On Thu, Jan 25, 2018 at 19:51:23 +0530, Prerna Saxena wrote:
> In case of non-p2p migration, in case libvirt client gets disconnected from source libvirt
> after PERFORM phase is over, the daemon just resets the current migration job.
> However, the VM could be left paused on both source and destination in such case. In case
> the client reconnects and queries migration status, the job has been blanked out from source libvirt,
> and this reconnected client has no clear way of figuring out if an unclean migration had previously
> been aborted.
The virDomainGetState API should return VIR_DOMAIN_PAUSED with
VIR_DOMAIN_PAUSED_MIGRATION reason. Is this not enough?
> This patch calls out a "potentially" incomplete migration as a failed
> job, so that a client may
As you say it's potentially incomplete, so marking it as failed is not
completely correct.

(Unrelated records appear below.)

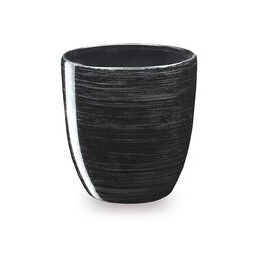 Donica ceramiczna Nova 5 J1432 29 cm czarny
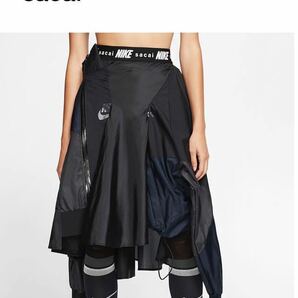 【XSサイズ】2019aw sacai NIKE womens skirt black CD6299 012未使用 snkrs 国内正規 サカイ ナイキ スカート nj0129
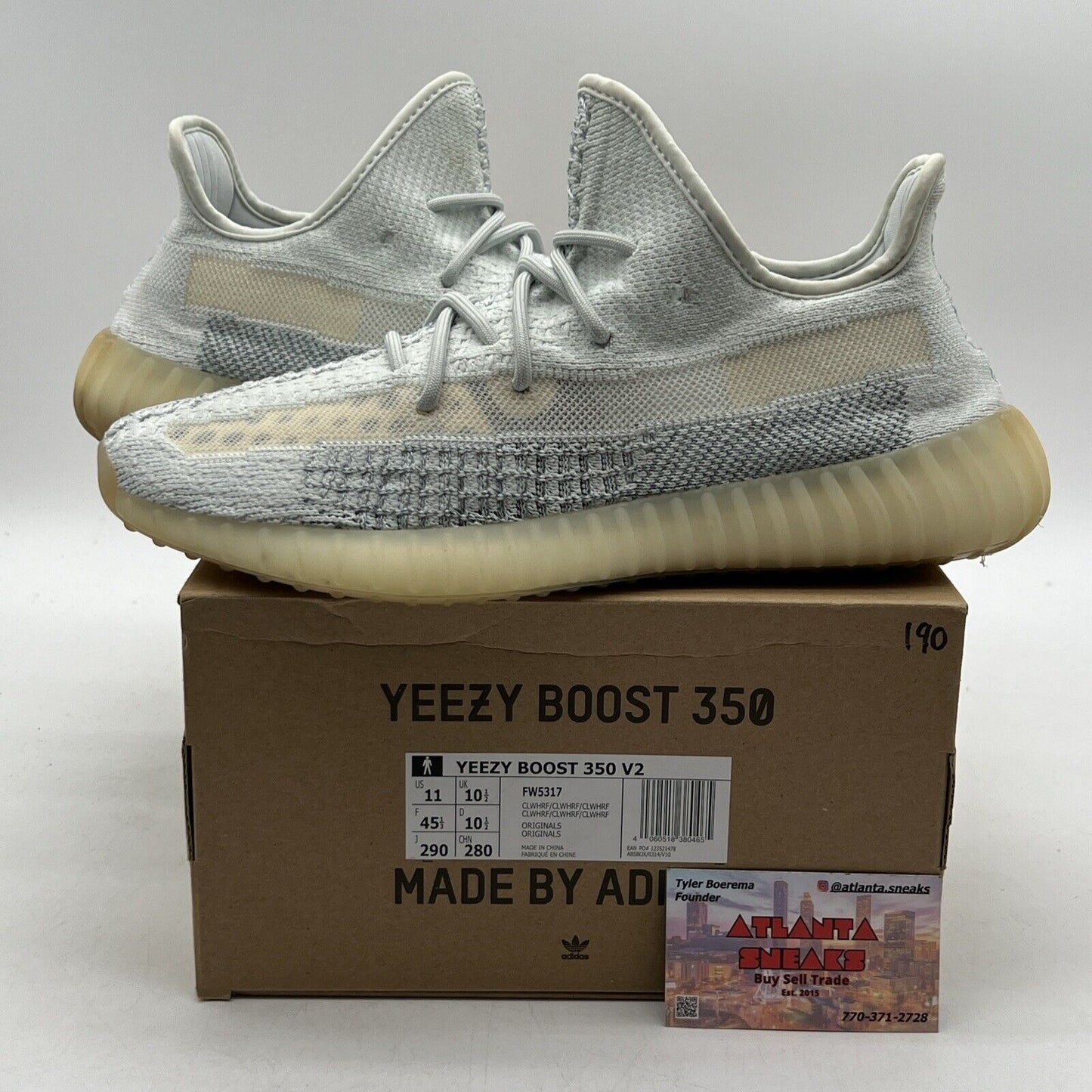 Size 11 - adidas Yeezy Boost 350 V2 Cloud White Reflective (FW5317)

It's a split brain when the source cannot
distinguish whether the migration was successful or not.
> diff --git a/src/qemu/qemu_domain.c b/src/qemu/qemu_domain.c
> index e8e0313..7c60d17 100644
> --- a/src/qemu/qemu_domain.c
> +++ b/src/qemu/qemu_domain.c
> @@ -4564,6 +4564,22 @@ qemuDomainObjDiscardAsyncJob(virQEMUDriverPtr driver, virDomainObjPtr obj) This will just leak the memory allocated for priv->job.completed by
> qemuDomainObjSaveJob(driver, obj);
> }
>
> +
> +void
> +qemuDomainObjFailAsyncJob(virQEMUDriverPtr driver, virDomainObjPtr obj)
> +{
> + qemuDomainObjPrivatePtr priv = obj->privateData;
> + VIR_FREE(priv->job.completed);
> + if (VIR_ALLOC(priv->job.completed) == 0) {
> + priv->job.current->type = VIR_DOMAIN_JOB_FAILED;
> + priv->job.completed = priv->job.current;
overwriting the pointer to the one from priv->job.current, ...
> + } else {
> + VIR_WARN("Unable to allocate job.completed for VM %s", obj->def->name);
> + }
> + qemuDomainObjResetAsyncJob(priv); which will point to a freed memory after this call.
> + qemuDomainObjEndJob(driver, obj);
And while this is almost certainly (I didn't really check though) not
something you should call from a close callback, you don't save the
changes to the status XML so once libvirtd restarts, it will think the
domain is still being migrated.